Winston Churchill is reported as saying, “I am always ready to learn although, I do not always like being taught”.
Learning from a master of their craft is more than just learning, it is also a privilege. Churchill drew the distinction between learning as being active, rather than being taught, which, for many can be passive sometimes sleep inducing.
When working alongside a master, it provides an understanding of professional skills and moves beyond demonstration into real learning. Recently I had such a privilege.
As a judge at the Young Chefs Olympiad, 2023, I along with a fellow judge Stephen Carter, Executive Chef at Boodles, were able to spend time in the traditional kitchen of ITC Sonar Bangla Hotel in Kolkata. We were under the masterful eye of Chef Pradeep Sharma, and his brigade. The idea was to learn how to cook a traditional West Bengal, Mutton Biryani, one of the most popular dishes on the hotel’s menu.
I say learn advisedly. Whilst we both learnt, what we witnessed and participated in was a true masterclass. We came away with a much better understanding of the complexities in the use of the spices and the other ingredients, and something of the different processes, but to say that we had truly learned how to make it, not yet. More practice required.
With all Masters, the intuitive understanding of the materials, the timing of what to add and when, how much, and how, is not just a technical exercise, but an emotional one, crafted through learning from the experience of doing. It has a cultural dimension and pride, as well as being rooted in the flavours and values of the region, or as the French would put it the ‘terroir’. This level of understanding is developed over time with strong elements of passion in what you are doing.
With our Master nothing was weighed and did not need to be. The measures were both with the eye and the hand and had been crafted through experience, adjusted and modified as required. The final dish was always in sight of the chef, he knew exactly what it would look like and taste like at every step of the way. The final dish was far more than a random combination of the 18 different spices and the other ingredients, it was a manifestation of craftsmanship, skill, pride, passion, and tradition.
The opportunity we enjoyed, was more than just an experience, it was confirmation of the power of learning. The learning was through watching and following the actions whilst trying to copy the skills to be able to produce something similar to the master. In my case, I did not see what happened to my attempt, it was last seen on the side of a stove.
What that experience also showed, was the bond established within the profession. We did not share a spoken language, although their English was much better than my Bengali! We did share the language of kitchen craft, a language shared by chefs the world over.
That is also the story of the Young Chefs Olympiad, we were in India to be part of an international gathering of culinary expertise, we learned much from the experience. The YCO creates the opportunity for young chefs from over 50 countries from Armenia to Zambia, to come together to compete.
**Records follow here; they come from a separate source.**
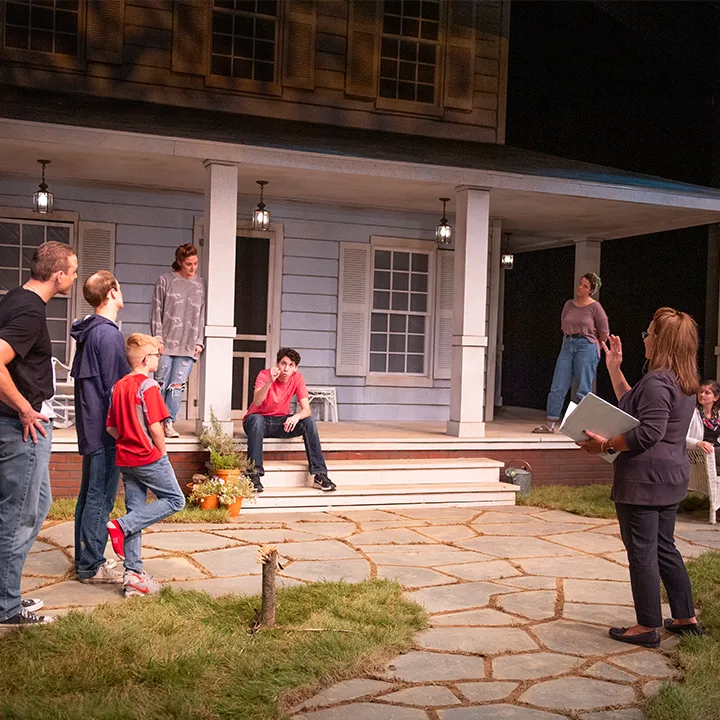 Professor Stratton leading a theatre rehearsal onstage.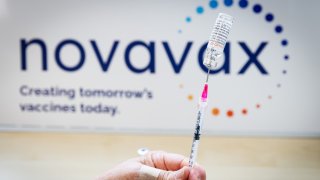 A health worker prepares a dose of the Novavax vaccine as the Dutch Health Service Organization starts with the Novavax vaccination program on March 21, 2022 in The Hague, Netherlands.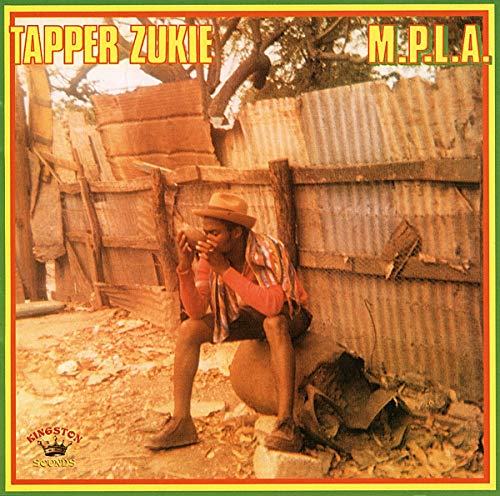 Vinyl record cover: man playing harmonica seated against a corrugated wall.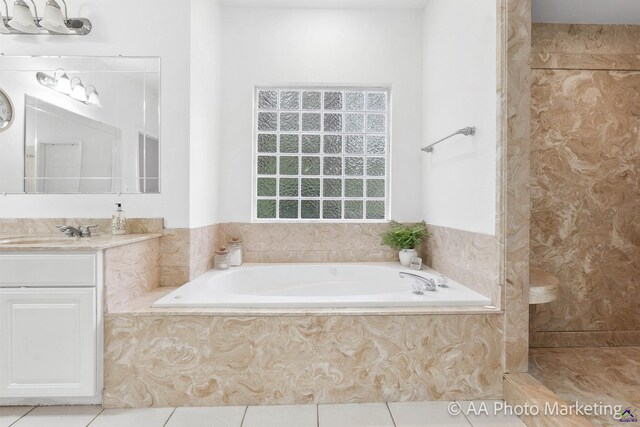 bathroom featuring vanity, separate shower and tub, and tile patterned floors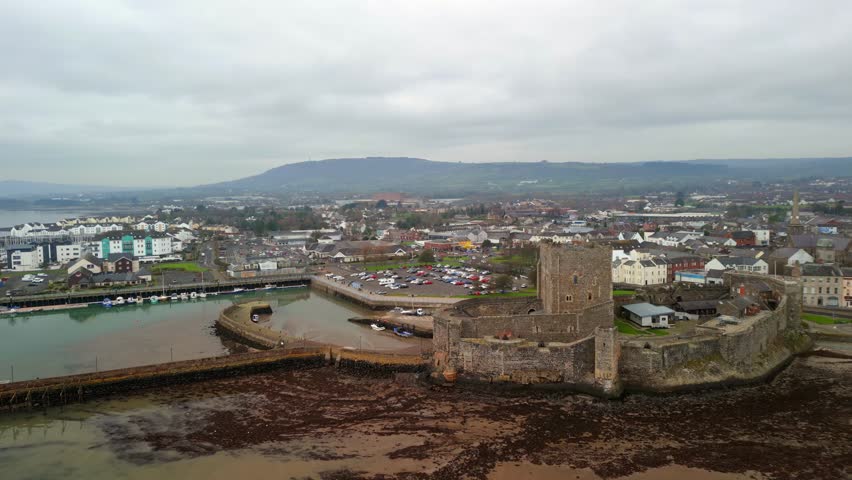Ultra wide aerial shot of Carrickfergus Castle in Northern Ireland. The camera advances, showing the castle, marina and town. Produced in 4K, 60FPS and in Rec709 colour.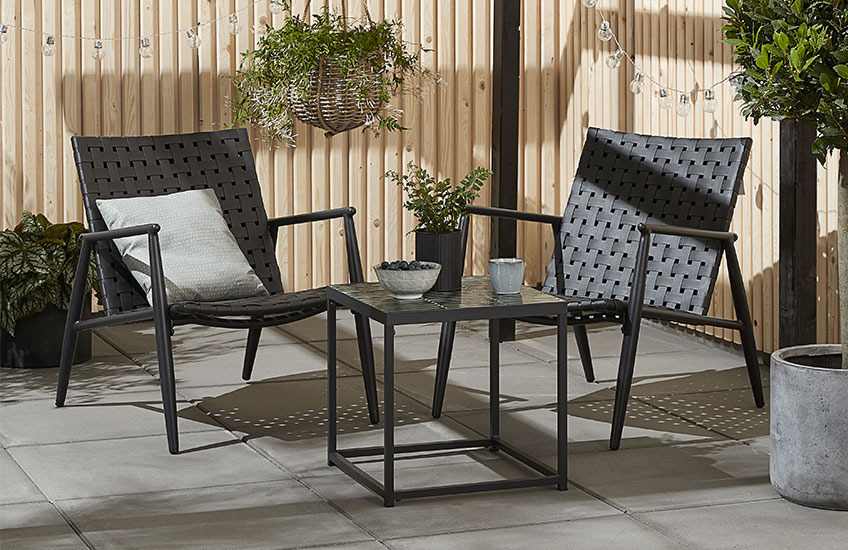 Black garden lounge set with small table and two chairs 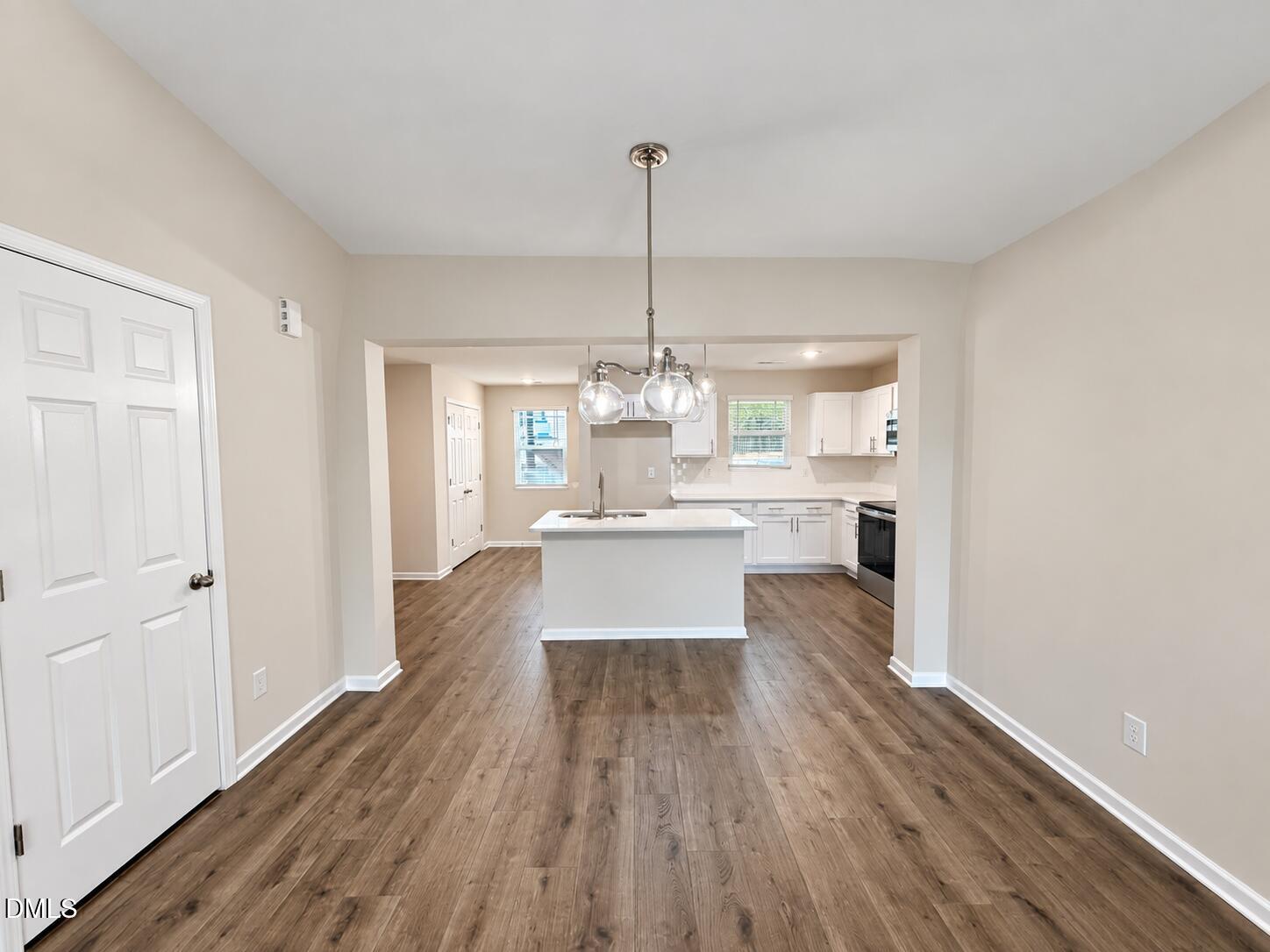 Unfurnished dining area opens into a white kitchen with an island and wood-look floors.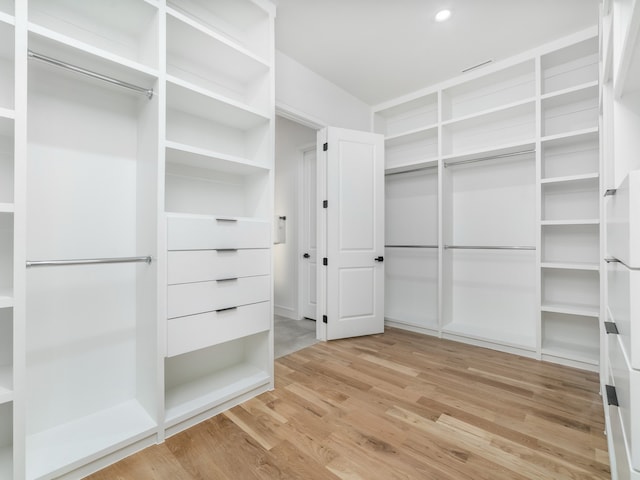 spacious closet with light hardwood / wood-style floors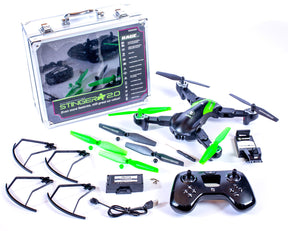 Drone kit with controller, case, and accessories laid out for Rage R/C RGR4400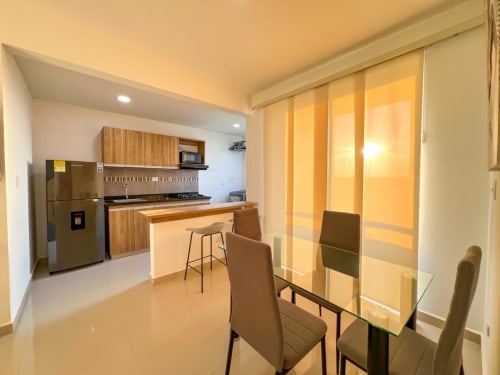 Cocina y comedor moderno en Olamar Living de Coveñas con electrodomésticos de acero inoxidable y vistas al océano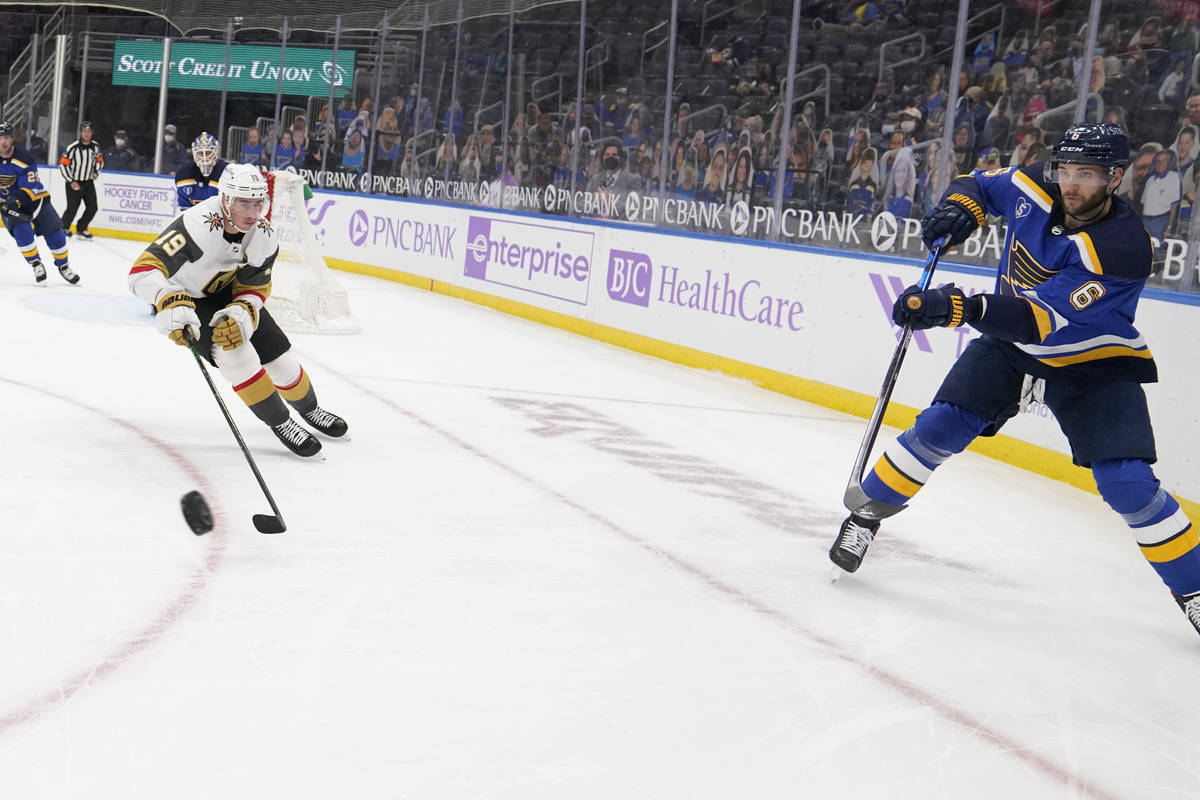 St. Louis Blues' Marco Scandella (6) passes around Vegas Golden Knights' Reilly Smith (19) duri ...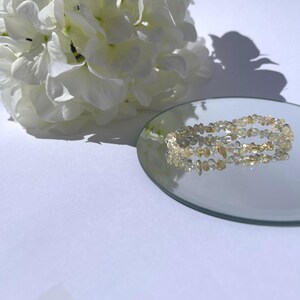 May include: A double strand bracelet made of clear and light brown faceted gemstone beads. The bracelet is displayed on a small, round, mirrored surface.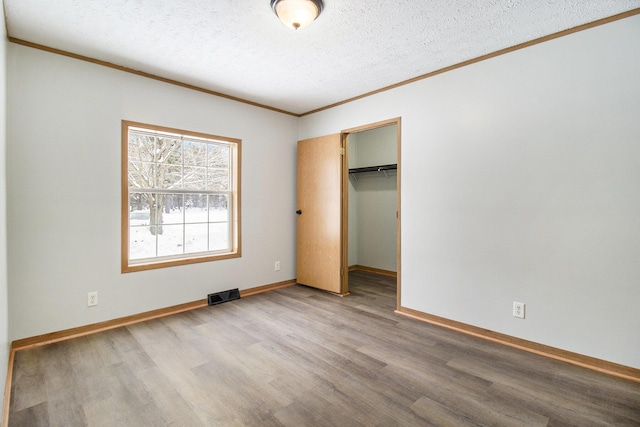 unfurnished bedroom with visible vents, ornamental molding, a textured ceiling, wood finished floors, and baseboards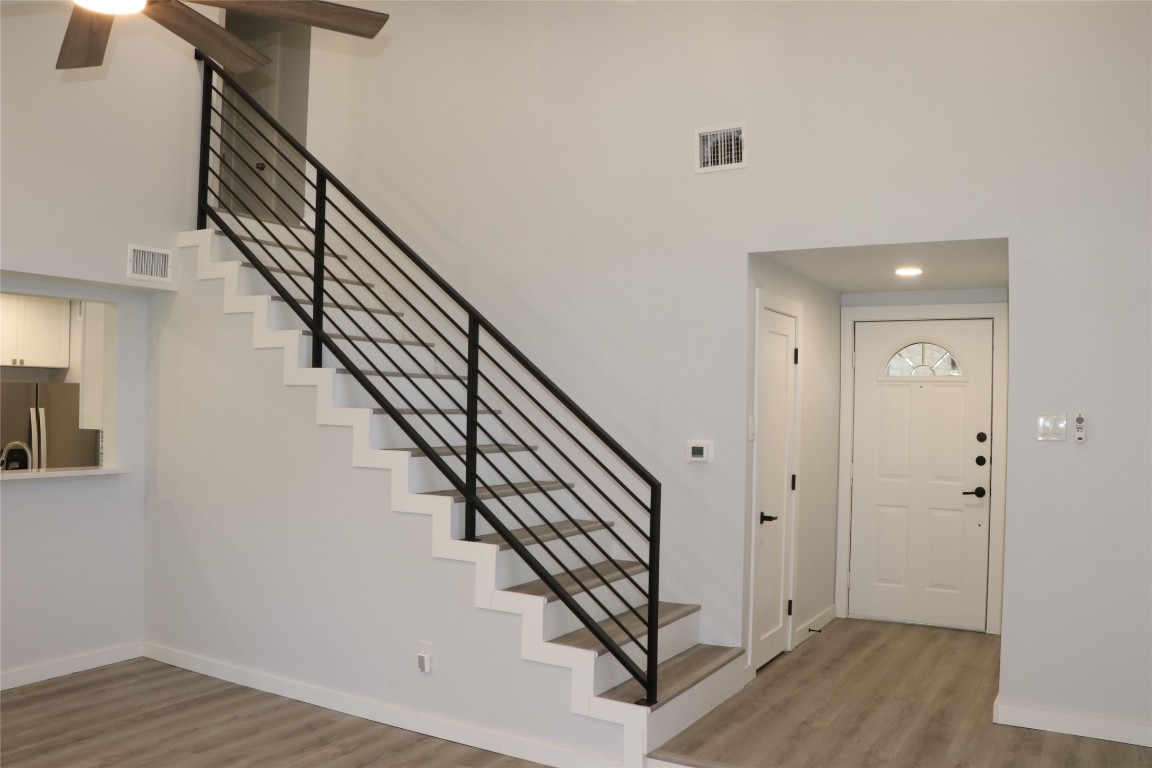 8903 Mesa Drive, Unit A Austin, TX 78759 - Photo 5 of 27 a view of staircase with wooden floor and white walls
Although it is not just about the competition, it is also about sharing the experiences and bringing together the future talent for the international industry. They were able to share the language and craft of the kitchen in the same way as we were with our Indian counterparts.
We all learn by doing, we also learn from each other. Winston Churchill understood the power of learning. He just did not always like to be taught!
The story is not yet over, Stephen has suggested that he will source the ingredients and we will try to re-create the Mutton Biryani in his kitchen. He has also threatened to video our attempt to send to the Indian brigade. Probably more for their entertainment than their education. But do not forget for all of us, every day is a school day.